“I preferred the interest and the pleasure of traveling inside painting, to the obligation demanded by the art market to stick to repetition in one and the same way of paint identifiable. ”
Professor in several academies and schools of Fine Arts, responsible by the Ministry of Culture, after May 1968, for the implementation of the reform of artistic education, art historian, editor and director of the dictionary of artists , the famous Bénézit, pioneer and host of the great post-war salons, Jacques Busse is a “considerable contemporary”. In the finally restricted circle of authentic creators, it is one of the “sure values”. He exhibited regularly in groups and personally, both in France and abroad. Student of Othon Friesz and co-founder of the Groupe de l’Echelle in 1942.
Humanist and man of culture, which was not uncommon among artists of his generation, Jacques Busse maintained a fertile dialogue with poets like Raymond Queneau or Christian Morgenstein. He translated from the German language the Songs of the Gibet. From André Frénaud, he illustrated the collection La sorcière de Rome.

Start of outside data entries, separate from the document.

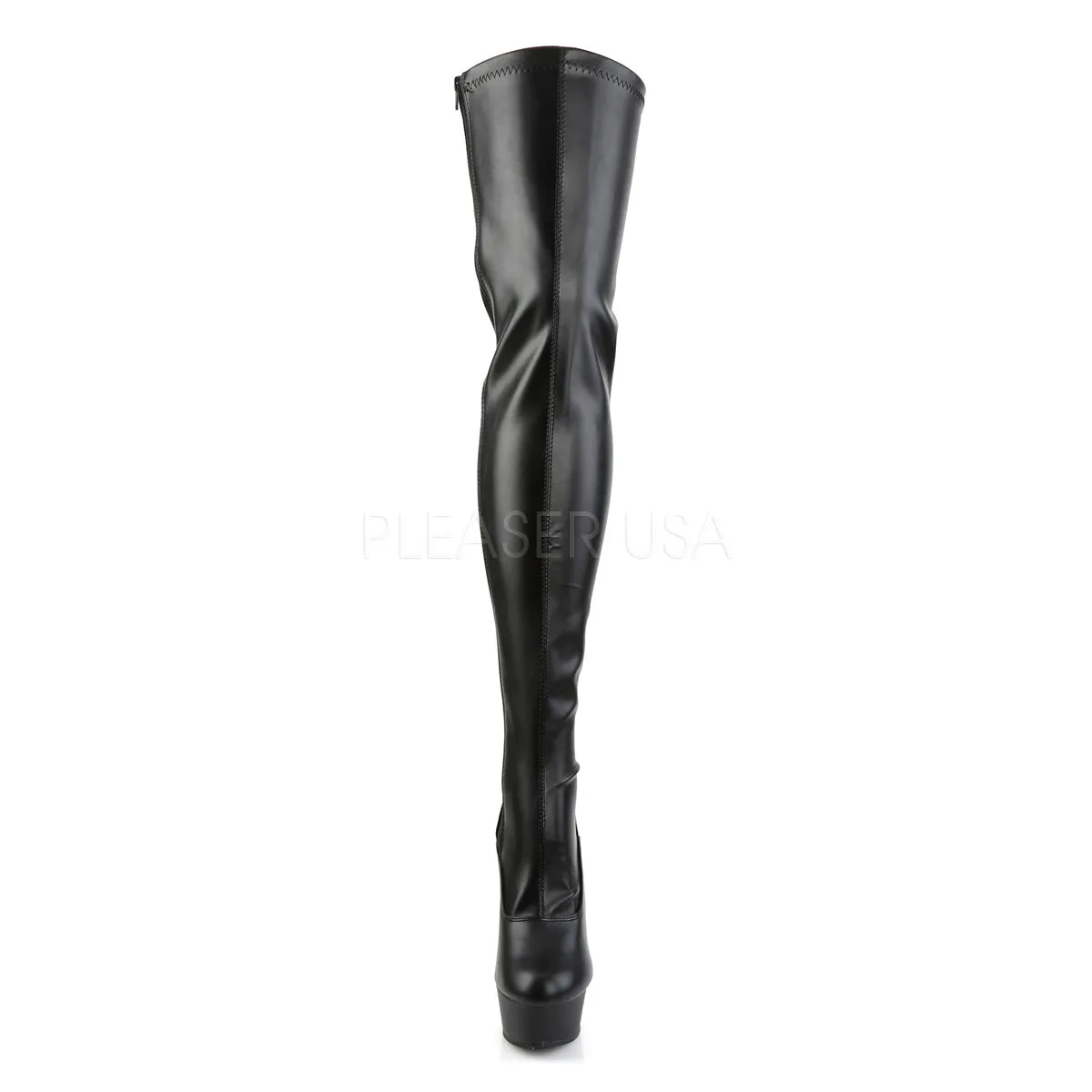 DELIGHT-3063  Black Str Faux Leather/Black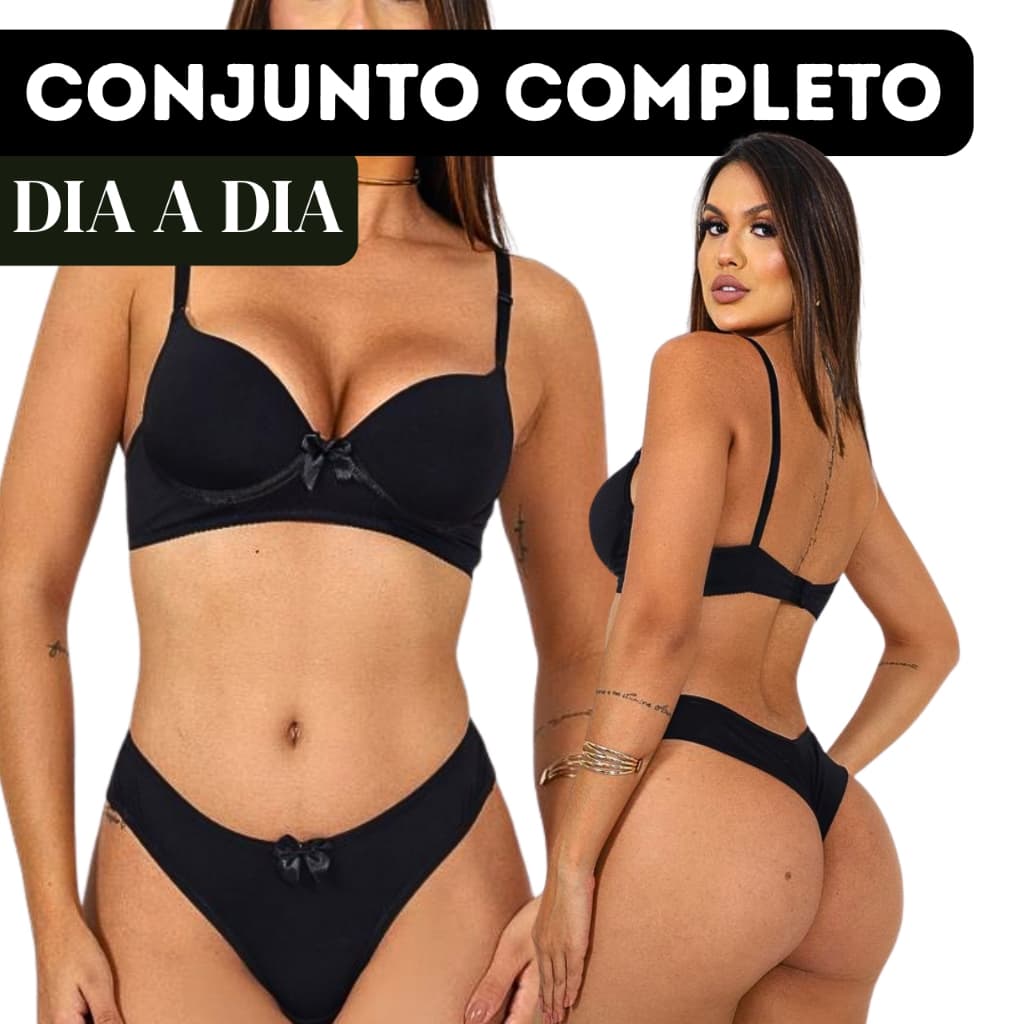 Moda Íntima Conjunto Calcinha e Soutien Com Bojo Liso Básico Microfibra P ao GG Envio Express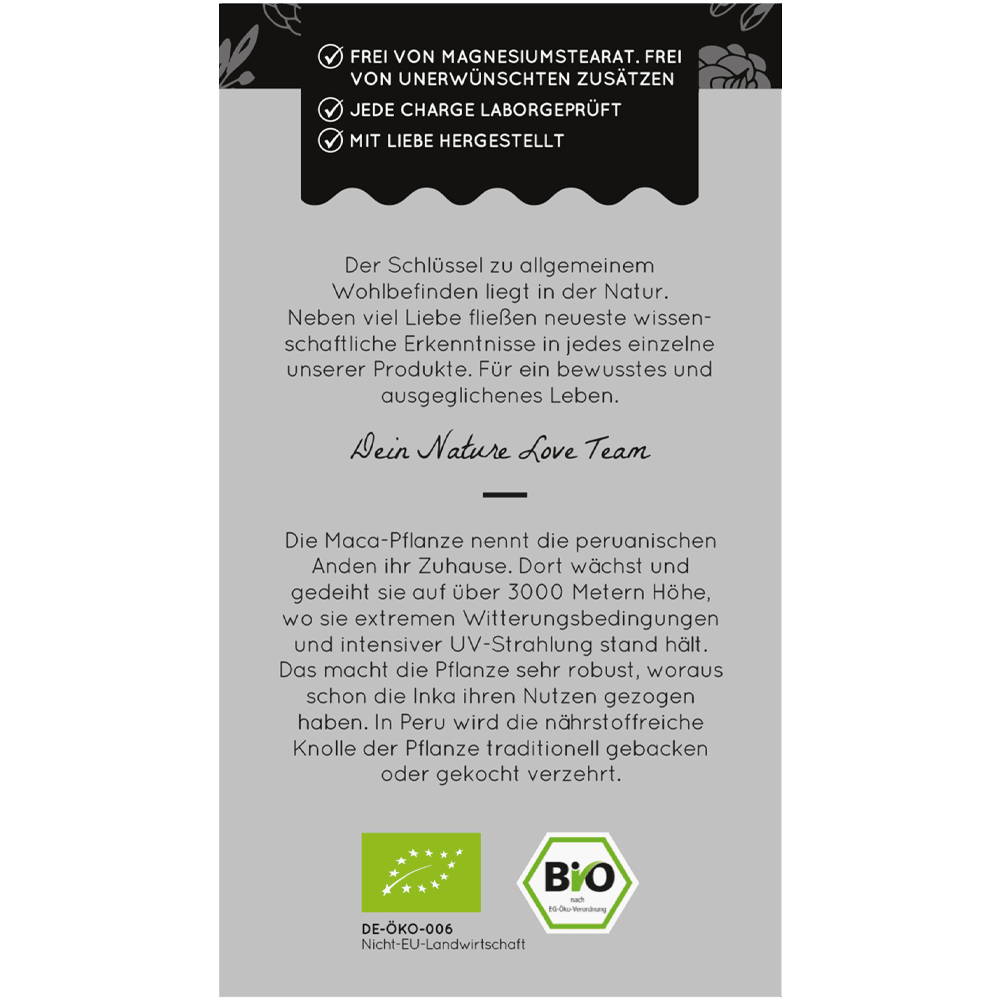 Bild: NATURE LOVE Bio Maca Schwarz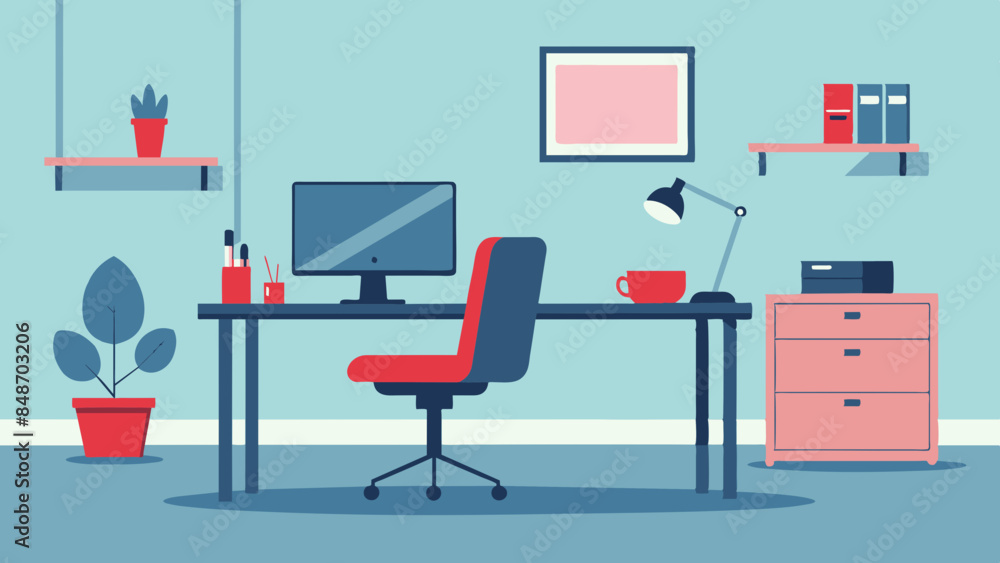Workspace featuring desk and chair. A desk and chair are visible in the office interior. Workspace featuring desk and chair. A desk and chair are visible in the office interior.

Jacques Busse also published a theoretical work on impressionism and a small book with squeaky humor Propos d’ivrogne, published by Obsidiane editions.
Because he was, precisely, a man of culture, Jacques Busse always refused to take seriously the humorless followers of Marcel Duchamp, the intellectual terrorism of the impotent theorists of “the death of art” and the dictatorship of the unconditional ones “installations” and other “videos”. Far from sterile games and intellectual fashions, painting was for him a total adventure, sensual, physical and mental.